I guess that was part of my inspiration for taking my family in the first place: Taking my kids to church seemed like something I was supposed to do. I thought that taking kids to church, giving them some education of God, and some basic moral education, was important. That’s why, I assumed, my mom took me to church. And why her parents took her. But now, looking at the tired moms and dads around me, I was developing a different theory.
Of course, there are a lot of people who are truly devout, who feel more fulfilled with religion in their lives, and want to pass that joy to their kids. And I think that’s admirable. But I was starting to think a good number of us are there for, or at least incentivized by, a free hour of child care — a valuable commodity, especially now, when paying for day care is so hard for many families.
Maybe I don’t feel the same sense of satisfaction others do when listening to a religious sermon, but going to church certainly brings me peace.

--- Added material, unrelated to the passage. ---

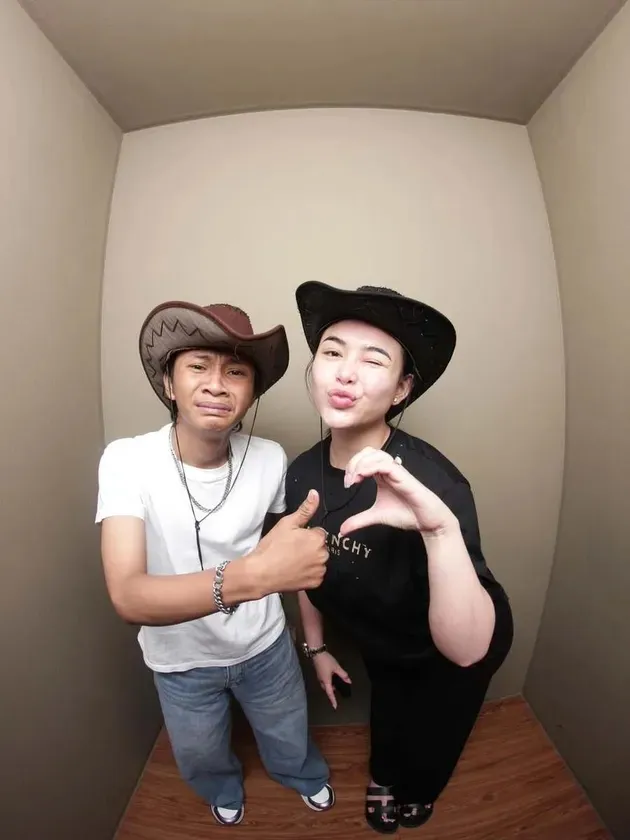 Amanda Manopo kasih hadiah Fajar Sad Boy TikTok @agml612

If there really is a God, I like to think he wants us to be happy. I like to think he’s looking down at me and not shaking his head, but shrugging the way I do when I let my kids have a popsicle before dinner. “OK, fine,” he says in a gentle tone. “It was a long day, you can have a treat.”
If there really is a God, I like to think he’s looking down at me and shrugging the way I do when I let my kids have a popsicle before dinner. “OK, fine,” he says in a gentle tone. “It was a long day, you can have a treat.”
And as for the nice churchgoers I’m afraid to disappoint, perhaps I’m supposed to accept their kindness and use it as inspiration to be a better person: try to open more doors for strangers, give more compliments and generally be kinder. After all, isn’t that what the Bible is all about? Learning and trying to be a better person?
Recently, my family has been back in our weekly church routine. My husband and I drop off the kids at Sunday school, sit on the lawn and recharge to the sound of the pastor’s voice.